What the task asks: The output is the lines below from the one with "AllSaints Black Leather Catch Biker Jacket" through the one with "Joules Womens Graphic", both included, printed exactly and with no other line.

Data extracts:
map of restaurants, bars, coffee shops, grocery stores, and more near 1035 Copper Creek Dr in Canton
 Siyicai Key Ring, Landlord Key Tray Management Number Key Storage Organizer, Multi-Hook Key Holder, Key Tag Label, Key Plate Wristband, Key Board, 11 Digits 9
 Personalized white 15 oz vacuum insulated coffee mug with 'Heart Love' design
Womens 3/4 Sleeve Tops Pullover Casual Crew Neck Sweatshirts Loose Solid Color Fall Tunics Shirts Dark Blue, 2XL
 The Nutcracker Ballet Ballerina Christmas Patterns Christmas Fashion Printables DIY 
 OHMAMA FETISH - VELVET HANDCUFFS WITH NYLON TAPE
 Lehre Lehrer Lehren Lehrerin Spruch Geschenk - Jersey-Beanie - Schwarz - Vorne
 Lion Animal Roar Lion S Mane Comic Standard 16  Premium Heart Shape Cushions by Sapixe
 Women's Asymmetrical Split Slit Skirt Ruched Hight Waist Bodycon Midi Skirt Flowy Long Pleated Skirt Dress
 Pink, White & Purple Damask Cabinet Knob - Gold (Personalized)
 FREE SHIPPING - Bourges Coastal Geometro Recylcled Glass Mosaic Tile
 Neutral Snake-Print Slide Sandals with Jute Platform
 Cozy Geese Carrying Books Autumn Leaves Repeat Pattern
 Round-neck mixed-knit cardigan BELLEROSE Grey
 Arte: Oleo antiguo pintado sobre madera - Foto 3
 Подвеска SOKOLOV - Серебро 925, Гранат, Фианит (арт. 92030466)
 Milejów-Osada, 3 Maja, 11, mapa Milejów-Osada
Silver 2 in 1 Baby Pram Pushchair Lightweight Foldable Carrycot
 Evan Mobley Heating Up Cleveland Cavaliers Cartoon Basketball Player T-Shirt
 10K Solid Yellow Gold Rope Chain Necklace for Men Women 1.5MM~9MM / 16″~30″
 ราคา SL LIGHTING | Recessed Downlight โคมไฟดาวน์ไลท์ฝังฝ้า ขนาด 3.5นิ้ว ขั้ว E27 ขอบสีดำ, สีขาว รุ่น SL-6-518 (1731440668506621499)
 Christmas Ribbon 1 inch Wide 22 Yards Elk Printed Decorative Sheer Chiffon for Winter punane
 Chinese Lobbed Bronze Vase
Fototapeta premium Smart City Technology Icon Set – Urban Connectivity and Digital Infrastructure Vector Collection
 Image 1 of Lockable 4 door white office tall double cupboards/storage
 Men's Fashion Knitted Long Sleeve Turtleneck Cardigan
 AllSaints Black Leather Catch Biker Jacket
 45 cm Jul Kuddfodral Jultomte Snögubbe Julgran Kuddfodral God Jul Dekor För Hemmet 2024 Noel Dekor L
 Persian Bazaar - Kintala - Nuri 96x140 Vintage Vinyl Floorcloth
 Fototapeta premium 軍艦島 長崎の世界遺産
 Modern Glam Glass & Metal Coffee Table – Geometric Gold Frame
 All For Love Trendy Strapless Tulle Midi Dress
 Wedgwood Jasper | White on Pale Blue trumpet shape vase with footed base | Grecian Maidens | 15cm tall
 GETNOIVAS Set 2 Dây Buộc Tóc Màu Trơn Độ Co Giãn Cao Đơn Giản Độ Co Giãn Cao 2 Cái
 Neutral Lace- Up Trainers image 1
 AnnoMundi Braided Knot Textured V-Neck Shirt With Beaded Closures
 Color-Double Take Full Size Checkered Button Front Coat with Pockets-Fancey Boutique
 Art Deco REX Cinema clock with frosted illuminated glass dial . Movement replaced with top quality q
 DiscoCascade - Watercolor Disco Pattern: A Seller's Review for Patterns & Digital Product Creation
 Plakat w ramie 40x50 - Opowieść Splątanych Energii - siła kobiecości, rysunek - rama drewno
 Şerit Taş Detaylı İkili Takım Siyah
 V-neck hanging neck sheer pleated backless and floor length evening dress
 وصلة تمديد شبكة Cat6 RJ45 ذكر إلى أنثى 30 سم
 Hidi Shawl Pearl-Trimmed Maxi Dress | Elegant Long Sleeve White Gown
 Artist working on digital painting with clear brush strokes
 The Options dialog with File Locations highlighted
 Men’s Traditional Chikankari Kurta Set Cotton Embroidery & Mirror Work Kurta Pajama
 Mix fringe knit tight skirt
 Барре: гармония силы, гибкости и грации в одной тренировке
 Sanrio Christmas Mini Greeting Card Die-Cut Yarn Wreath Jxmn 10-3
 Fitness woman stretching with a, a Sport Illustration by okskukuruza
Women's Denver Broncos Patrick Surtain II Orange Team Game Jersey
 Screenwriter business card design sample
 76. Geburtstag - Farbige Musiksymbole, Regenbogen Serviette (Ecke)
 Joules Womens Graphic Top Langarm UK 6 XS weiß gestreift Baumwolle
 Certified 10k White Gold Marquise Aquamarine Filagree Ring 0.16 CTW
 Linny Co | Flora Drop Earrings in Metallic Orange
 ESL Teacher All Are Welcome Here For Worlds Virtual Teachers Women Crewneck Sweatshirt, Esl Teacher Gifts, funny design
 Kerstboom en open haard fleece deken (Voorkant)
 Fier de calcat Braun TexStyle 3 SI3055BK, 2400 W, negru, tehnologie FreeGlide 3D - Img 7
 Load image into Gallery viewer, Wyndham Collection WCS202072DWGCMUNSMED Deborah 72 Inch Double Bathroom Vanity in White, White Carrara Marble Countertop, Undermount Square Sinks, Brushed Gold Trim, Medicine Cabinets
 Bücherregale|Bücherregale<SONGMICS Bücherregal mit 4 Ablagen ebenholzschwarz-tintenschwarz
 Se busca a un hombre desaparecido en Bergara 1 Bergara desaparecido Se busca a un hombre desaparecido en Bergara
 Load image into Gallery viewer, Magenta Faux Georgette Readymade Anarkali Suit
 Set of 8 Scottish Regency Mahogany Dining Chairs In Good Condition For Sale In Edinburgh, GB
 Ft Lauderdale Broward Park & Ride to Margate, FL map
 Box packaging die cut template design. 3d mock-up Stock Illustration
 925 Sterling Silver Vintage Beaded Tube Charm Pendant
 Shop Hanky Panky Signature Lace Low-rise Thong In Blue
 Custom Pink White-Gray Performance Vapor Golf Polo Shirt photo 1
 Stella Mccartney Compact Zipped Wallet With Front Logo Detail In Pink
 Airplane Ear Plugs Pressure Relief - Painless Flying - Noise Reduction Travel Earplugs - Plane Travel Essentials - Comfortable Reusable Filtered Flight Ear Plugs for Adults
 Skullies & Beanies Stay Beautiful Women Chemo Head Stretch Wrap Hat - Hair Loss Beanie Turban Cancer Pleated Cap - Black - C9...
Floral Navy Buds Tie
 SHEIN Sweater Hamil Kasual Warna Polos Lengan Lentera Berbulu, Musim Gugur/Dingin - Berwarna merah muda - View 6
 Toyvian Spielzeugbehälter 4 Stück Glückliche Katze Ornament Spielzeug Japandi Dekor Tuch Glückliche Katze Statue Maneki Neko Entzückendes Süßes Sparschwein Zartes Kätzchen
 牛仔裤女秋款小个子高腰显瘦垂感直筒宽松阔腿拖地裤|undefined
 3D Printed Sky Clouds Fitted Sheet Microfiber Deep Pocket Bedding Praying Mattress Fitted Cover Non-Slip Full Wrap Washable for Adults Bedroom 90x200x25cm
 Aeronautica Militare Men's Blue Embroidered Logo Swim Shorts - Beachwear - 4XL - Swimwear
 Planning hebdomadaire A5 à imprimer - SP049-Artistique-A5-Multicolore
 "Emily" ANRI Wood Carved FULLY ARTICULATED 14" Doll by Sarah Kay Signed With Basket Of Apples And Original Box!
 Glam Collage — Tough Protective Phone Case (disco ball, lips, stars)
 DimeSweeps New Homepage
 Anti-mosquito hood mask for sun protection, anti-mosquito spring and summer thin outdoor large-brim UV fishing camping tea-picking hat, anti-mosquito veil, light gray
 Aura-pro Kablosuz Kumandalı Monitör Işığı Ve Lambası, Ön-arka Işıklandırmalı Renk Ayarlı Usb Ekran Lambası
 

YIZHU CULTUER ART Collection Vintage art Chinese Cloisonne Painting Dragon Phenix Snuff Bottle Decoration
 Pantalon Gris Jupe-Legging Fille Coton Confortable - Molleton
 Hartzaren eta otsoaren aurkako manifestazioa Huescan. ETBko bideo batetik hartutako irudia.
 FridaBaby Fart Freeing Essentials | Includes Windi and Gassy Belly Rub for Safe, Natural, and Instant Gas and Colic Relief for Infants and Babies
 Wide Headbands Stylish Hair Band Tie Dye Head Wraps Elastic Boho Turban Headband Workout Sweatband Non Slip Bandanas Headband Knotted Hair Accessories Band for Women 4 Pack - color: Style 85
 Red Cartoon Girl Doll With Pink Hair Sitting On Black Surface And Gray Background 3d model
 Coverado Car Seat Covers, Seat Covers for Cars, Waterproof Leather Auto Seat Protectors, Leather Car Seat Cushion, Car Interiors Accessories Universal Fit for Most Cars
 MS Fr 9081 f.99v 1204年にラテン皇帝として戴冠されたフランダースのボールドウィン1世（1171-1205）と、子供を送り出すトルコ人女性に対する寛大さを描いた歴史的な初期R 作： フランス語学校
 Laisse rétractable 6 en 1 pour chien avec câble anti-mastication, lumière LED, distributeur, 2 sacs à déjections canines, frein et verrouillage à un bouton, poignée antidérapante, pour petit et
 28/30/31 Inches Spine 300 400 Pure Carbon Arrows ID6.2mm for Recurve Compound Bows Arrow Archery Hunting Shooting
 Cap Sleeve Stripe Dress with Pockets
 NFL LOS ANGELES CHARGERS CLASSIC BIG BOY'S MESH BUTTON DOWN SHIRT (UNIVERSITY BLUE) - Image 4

Exercise solution:
 AllSaints Black Leather Catch Biker Jacket
 45 cm Jul Kuddfodral Jultomte Snögubbe Julgran Kuddfodral God Jul Dekor För Hemmet 2024 Noel Dekor L
 Persian Bazaar - Kintala - Nuri 96x140 Vintage Vinyl Floorcloth
 Fototapeta premium 軍艦島 長崎の世界遺産
 Modern Glam Glass & Metal Coffee Table – Geometric Gold Frame
 All For Love Trendy Strapless Tulle Midi Dress
 Wedgwood Jasper | White on Pale Blue trumpet shape vase with footed base | Grecian Maidens | 15cm tall
 GETNOIVAS Set 2 Dây Buộc Tóc Màu Trơn Độ Co Giãn Cao Đơn Giản Độ Co Giãn Cao 2 Cái
 Neutral Lace- Up Trainers image 1
 AnnoMundi Braided Knot Textured V-Neck Shirt With Beaded Closures
 Color-Double Take Full Size Checkered Button Front Coat with Pockets-Fancey Boutique
 Art Deco REX Cinema clock with frosted illuminated glass dial . Movement replaced with top quality q
 DiscoCascade - Watercolor Disco Pattern: A Seller's Review for Patterns & Digital Product Creation
 Plakat w ramie 40x50 - Opowieść Splątanych Energii - siła kobiecości, rysunek - rama drewno
 Şerit Taş Detaylı İkili Takım Siyah
 V-neck hanging neck sheer pleated backless and floor length evening dress
 وصلة تمديد شبكة Cat6 RJ45 ذكر إلى أنثى 30 سم
 Hidi Shawl Pearl-Trimmed Maxi Dress | Elegant Long Sleeve White Gown
 Artist working on digital painting with clear brush strokes
 The Options dialog with File Locations highlighted
 Men’s Traditional Chikankari Kurta Set Cotton Embroidery & Mirror Work Kurta Pajama
 Mix fringe knit tight skirt
 Барре: гармония силы, гибкости и грации в одной тренировке
 Sanrio Christmas Mini Greeting Card Die-Cut Yarn Wreath Jxmn 10-3
 Fitness woman stretching with a, a Sport Illustration by okskukuruza
Women's Denver Broncos Patrick Surtain II Orange Team Game Jersey
 Screenwriter business card design sample
 76. Geburtstag - Farbige Musiksymbole, Regenbogen Serviette (Ecke)
 Joules Womens Graphic Top Langarm UK 6 XS weiß gestreift Baumwolle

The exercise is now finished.